__Task details__
Send back the line that contains "926 Willowdale Avenue photo 17" and all lines following it through the end of the data below, exactly, omitting pictures.

-------- Given information --------

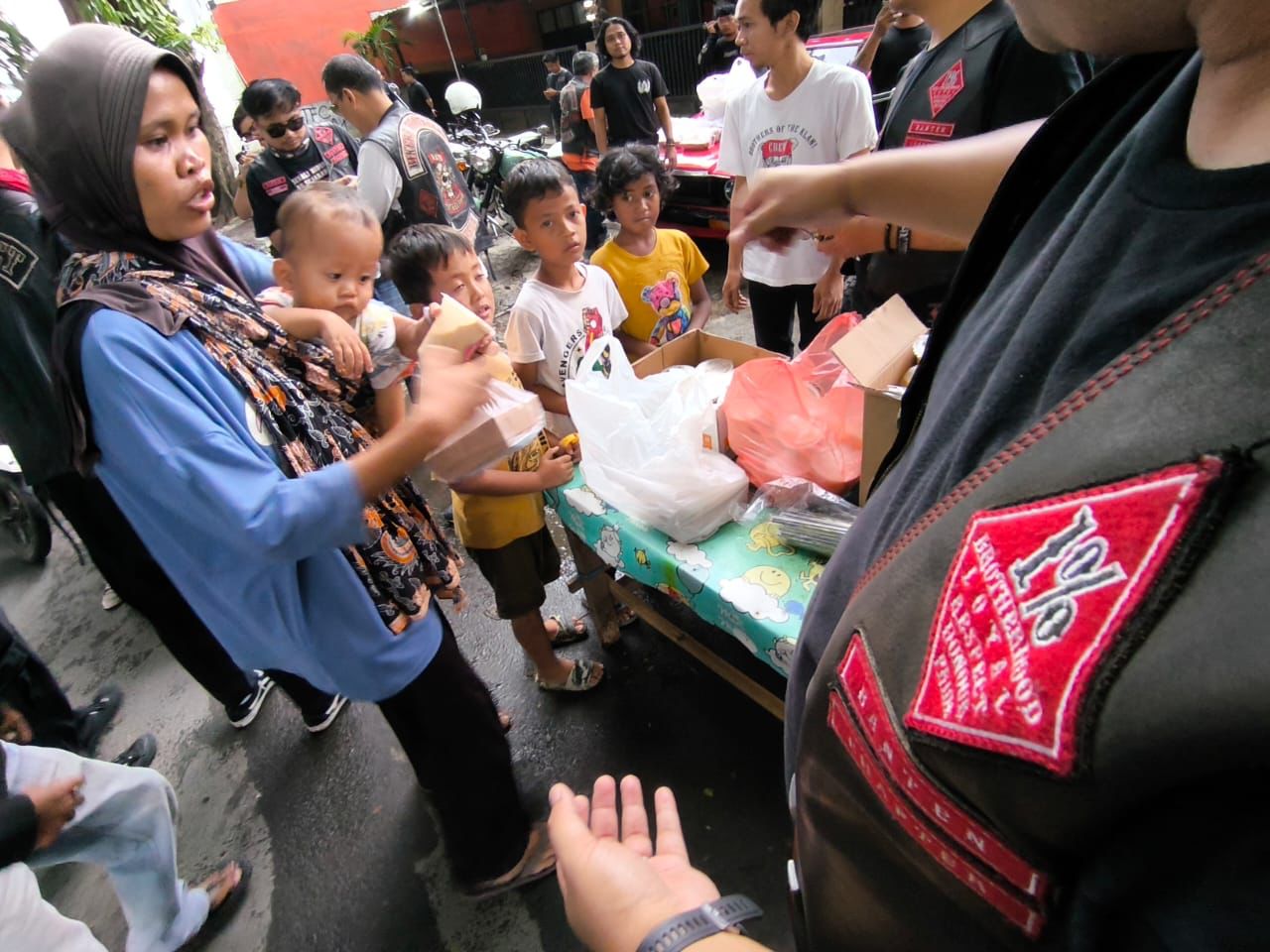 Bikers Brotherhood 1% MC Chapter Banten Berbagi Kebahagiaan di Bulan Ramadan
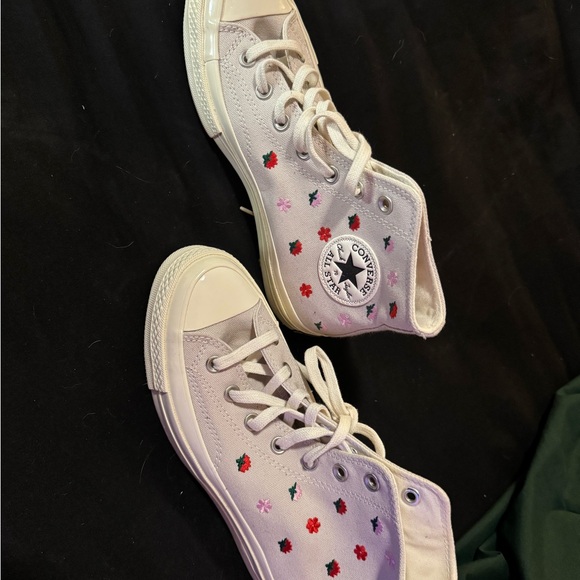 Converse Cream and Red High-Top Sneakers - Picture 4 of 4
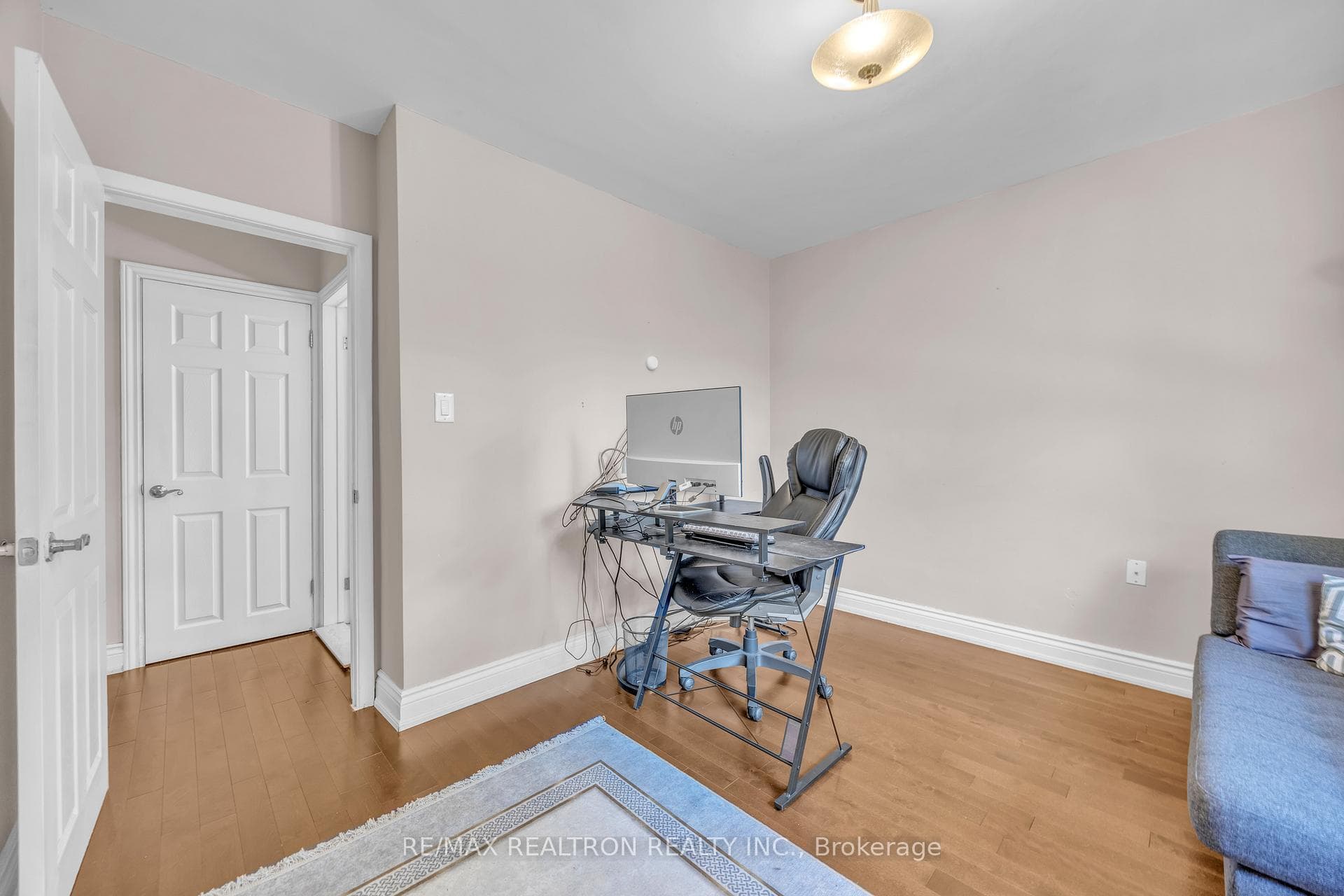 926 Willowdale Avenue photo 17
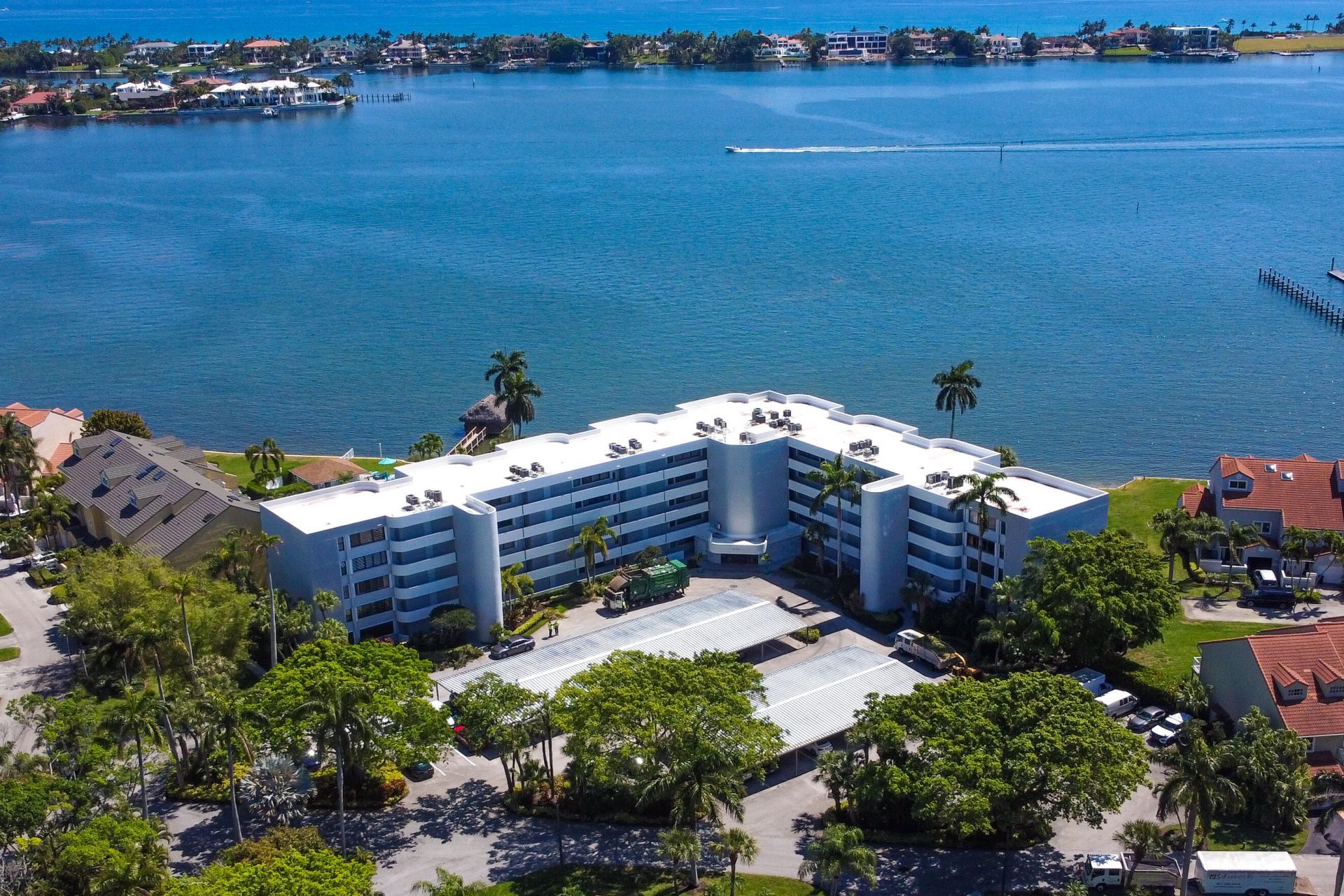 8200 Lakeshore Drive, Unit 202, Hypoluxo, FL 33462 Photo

--------

__Written response__
 926 Willowdale Avenue photo 17
 8200 Lakeshore Drive, Unit 202, Hypoluxo, FL 33462 Photo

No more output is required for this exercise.